An Afro-Latino Spider-Man may have won the hearts of critics and audiences alike with “Spider-Man: Into the Spider-Verse,” but the depiction of Miles Morales as the famous web slinger is a relatively recent phenomenon — people of color telling their own stories in mainstream comic books.

In examining the representation of Mexican-Americans in comics around the Chicano movement, Jose Alaniz said the main takeaway was that even progressive stories were told through a Caucasian lens.

Alaniz, a professor in the department of Slavic languages and literatures at the University of Washington in Seattle, spoke in Edinburg on Tuesday about Mexican-American representation in comics from the 1950s to the 1980s.

The presentation was part of FESTIBA, the Festival of International Books and Arts hosted by the University of Texas Rio Grande Valley.

He went through two examples of Mexican-American depictions, the first from a 1954 comic book entitled “The Whipping” from EC Comics — a publishing company known for their stories of horror and crime.

“But they were also politically charged,” Alaniz said. “They were all about critiquing post-war America and its hypocrisies, including its racism.”

The story in “The Whipping” tells of a white man named Ed from a typical American town and his outrage at discovering his daughter is dating a Hispanic man.

The character of Ed utters typical racial slurs throughout the comic and in his anger, spreads lies throughout the town that the Hispanic man, Luis Martinez, tried to rape his daughter.
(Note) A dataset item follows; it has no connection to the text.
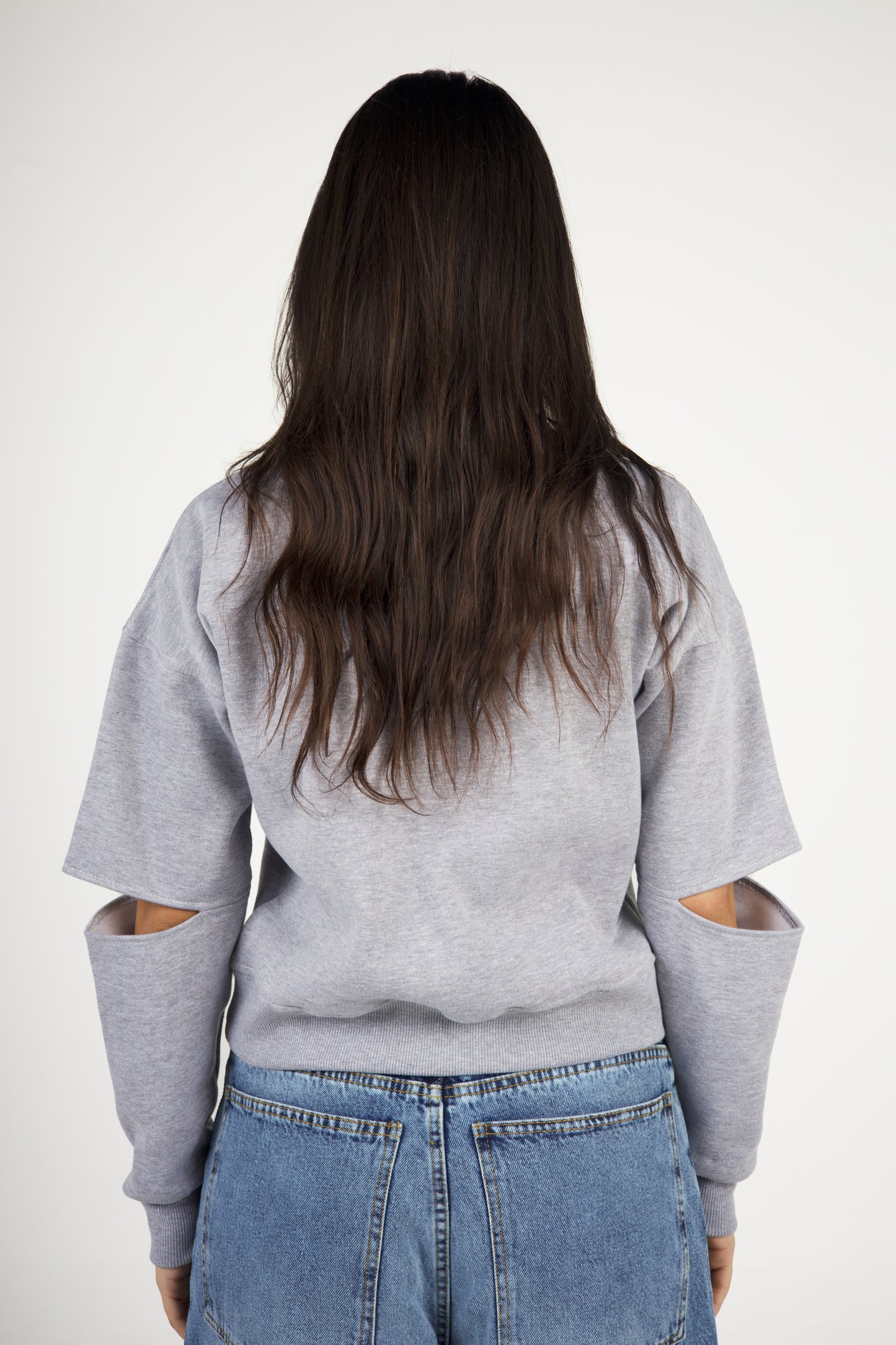 CUT-OUT SLEEVE SWEATSHIRT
This resulted in the town’s men rallying to attack Luis.

During a dark night, dressed in white robes, the men beat Luis to death only to discover afterward that the person they killed was Ed’s daughter.

That shock ending, Alaniz said, was typical of EC Comics and, in fact, was very similar to “The Guilty,” a comic released two years prior featuring a black man.

“The power, the fate of the Mexican-American, as for the black, is really not in their own hands. It’s in the hands of the whites,” Alaniz pointed out of the two comics. “So whether to kill them or whether to spare them, it’s going to be put to the white majority.”

Within the context of the 1950s, Alaniz said it was good the comic was shining a light on discrimination but pointed out the Mexican-American character had very little voice.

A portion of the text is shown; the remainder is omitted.